The Hungry Heart

(photo credit from Pinterest)

I just ate half a box of pizza, half a box of mojos, a glass of soda, some chips, and a couple of girl scout cookies. Did I mention I just had a bowl of bingsu with extra ice cream on the side a few hours prior? Wow. Even *I* surprised myself. I haven't eaten this much junk in half a year. Instantly, I was rolling down memory lane as I was brought back to a season in my life where I used food to appease and satiate my emotional hunger pangs.

Was I binging my loneliness away?

Being the hedonist that I am, I treated food like a drug. Food addiction was real in my life for a long time, until I decided to make a lifestyle change with my twin 6 months ago (no carbs, no sugar). I used to turn to and indulge in food when I was in the clouds of joy...

or the dullness of boredom...

or the gloom of sadness.

I knew I was injecting up my gastronomical dose.

Coincidentally, it's the week of Valentine's.

If I say I want to woman up, then I had to face the fact that I needed to do some internal digging. You know, to get to the root of the issue.

But... Do I really want to go there—in the dark, cracked, and ugly corners of my heart? 


Why not—if that's where the truth lies.

Funny, because when I lifted the hands from my eyes, I found myself realizing how nasty I can be as I look straight into the mirror of my soul.

Lately, I see most of my gal pals go through different stages of their own, respective love lives. As some of my girls are enjoying the honeymoon season of a year-old relationship, while others are floating in the newness of a potential romance, I am trapped in a conflicting bubble of duality. As much as I am happy for them, there is still the small voice in my heart wondering when my turn will come. All the good men are taken. Even the "below average" girls are. How pompous of me.

Jealousy seemed delicious, but thank God I am now wise enough not to take the bite. I need to respect and bloom in the season I'm in.

It's not the loneliness that's making the reflection morph into a monster by the minute. It's where or who I turn to that makes all the difference.

If I'm really going to be brutally honest, my internal dialogue started sounding like, "yup, it's okay to binge. I DESERVE IT."

Instantly, I've raised myself up on the pedestal. My needs. My wants. My gratification. My moment of weakness had to be coddled... with greasy, cheesy, doughy slices of pizza.

My bratty heart was throwing a fit, a tantrum, and if I couldn't get what I truly wanted, I'll get more of what I can have at the moment.

I say I want to be romanced by God, but I pick up the phone and choose to be romanced by the delivery boy instead.

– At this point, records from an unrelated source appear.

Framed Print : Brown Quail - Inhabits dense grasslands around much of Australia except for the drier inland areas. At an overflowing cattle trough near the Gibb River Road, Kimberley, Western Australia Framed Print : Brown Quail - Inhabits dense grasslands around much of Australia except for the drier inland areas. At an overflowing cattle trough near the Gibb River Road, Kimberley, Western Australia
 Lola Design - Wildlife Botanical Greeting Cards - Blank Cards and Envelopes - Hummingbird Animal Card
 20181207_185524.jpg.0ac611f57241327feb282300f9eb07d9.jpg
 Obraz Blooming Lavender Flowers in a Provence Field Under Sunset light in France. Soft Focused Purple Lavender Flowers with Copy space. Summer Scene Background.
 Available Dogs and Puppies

Look, I know loneliness is a real human experience, and I cannot reject it. I can only go and grow through it. Embrace it, even. I'm not being hard on myself, because to be honest, I know I've been slacking off. I haven't been feasting as much as I should from the True Bread of Life who will not only satisfy the hunger of my stomach, but also the hunger of my heart.

The more I go deeper into this path of faith, the more I see how messed up, selfish, and broken I really am. It can get discouraging, frankly speaking. But I only get discouraged when my eyes are fixed on my inadequate, lacking, and will-always-fall-short self. I need to shift my focus. I need to look at Him and Him alone.

I may be filled physically as I feel my body enters a food coma, but the real feeding that needs to happen is in the vastness and insatiable expanse of my hungry heart.

💖Psalm 81:10💖
I, the Lord, am your God, who brought you up from the land of Egypt. Open your mouth wide and I will fill it.

Hay.

Minsan talaga, may mga araw na ganito.